Kohlenstoffspeicher Wald

Lebende Biomasse
Der Motor der Kohlenstoffbindung im Wald sind die Bäume, welche über die Fotosynthese Kohlendioxid (CO2) aufnehmen und in verschiedenen Kohlenstoffverbindungen in der lebenden, verholzten Biomasse einlagern. Wieviel Kohlenstoff (C) gebunden wird, bestimmt neben dem gebräuchlichen forstlichen Volumenmaß besonders die Holzdichte. Diese ist bei der Buche mit 554 kg/fm (Raumdichte nach Knigge und Schulz 1966), wie bei allen einheimischen Hartlaubhölzern, vergleichsweise hoch. Das führt dazu, dass bei gleichem Brusthöhendurchmesser (BHD) und gleicher Höhe, eine einzelne Buche deutlich mehr Biomasse gebildet und damit mehr Kohlenstoff gespeichert hat als z. B. eine Fichte (Abb. 1; eigene Berechnungen mit Biomassefunktionen nach Vonderach 2018 und Wurzelbiomasse nach UBA 2021). Da aber nicht die Klimaschutzleistung einzelner Bäume, sondern des Waldes bilanziert wird, muss die Flächenleistung der Baumarten betrachtet werden. Dann zeigt sich mit Daten der Bundeswaldinventur, dass die Buche besonders in den höheren Altersklassen zwar vergleichsweise hohe Kohlenstoffvorräte aufweist (Abb. 1), die Fichte ihre geringere Raumdichte aber durch eine höhere Baumzahl pro Hektar ausgleicht und somit ähnliche Flächenwerte wie die Buche erreicht (Abb. 2). Dabei ist auch zu beachten, dass die Fichte ein höheres Nutzungsprozent hat und insgesamt eine höhere Gesamtsleistung erreicht (Thünen-Institut 2022).

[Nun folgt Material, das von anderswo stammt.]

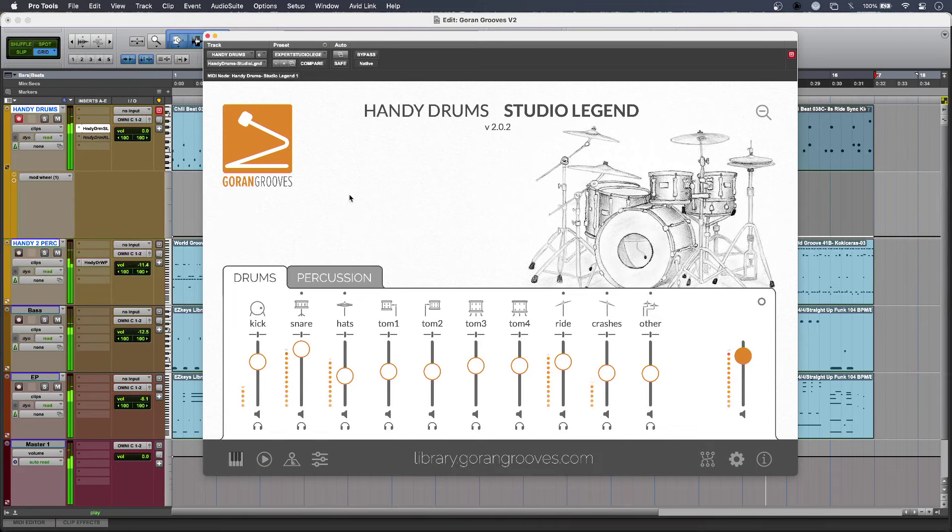So that is our first look at Goran Groove's Handy Drums version 2 — great simple sounds that are now even better than before. To read our full article about Handy Drums version 2 and to find out more, head over to the Production Experts blog.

Balkendiagramm zeigt wo Bäume Kohlenstoff speichern

Abb. 1: Kohlenstoffmengen in den verschiedenen Kompartimenten eines Baumes mit 50 cm BHD und 30 m Höhe. Quelle: berechnet nach Vonderach 2018, unterirdische Biomasse nach UBA 2021

Liniendiagramm zeigt die Kohlenstoffanreicherung in Bäumen auf einer zeitlichen Skala.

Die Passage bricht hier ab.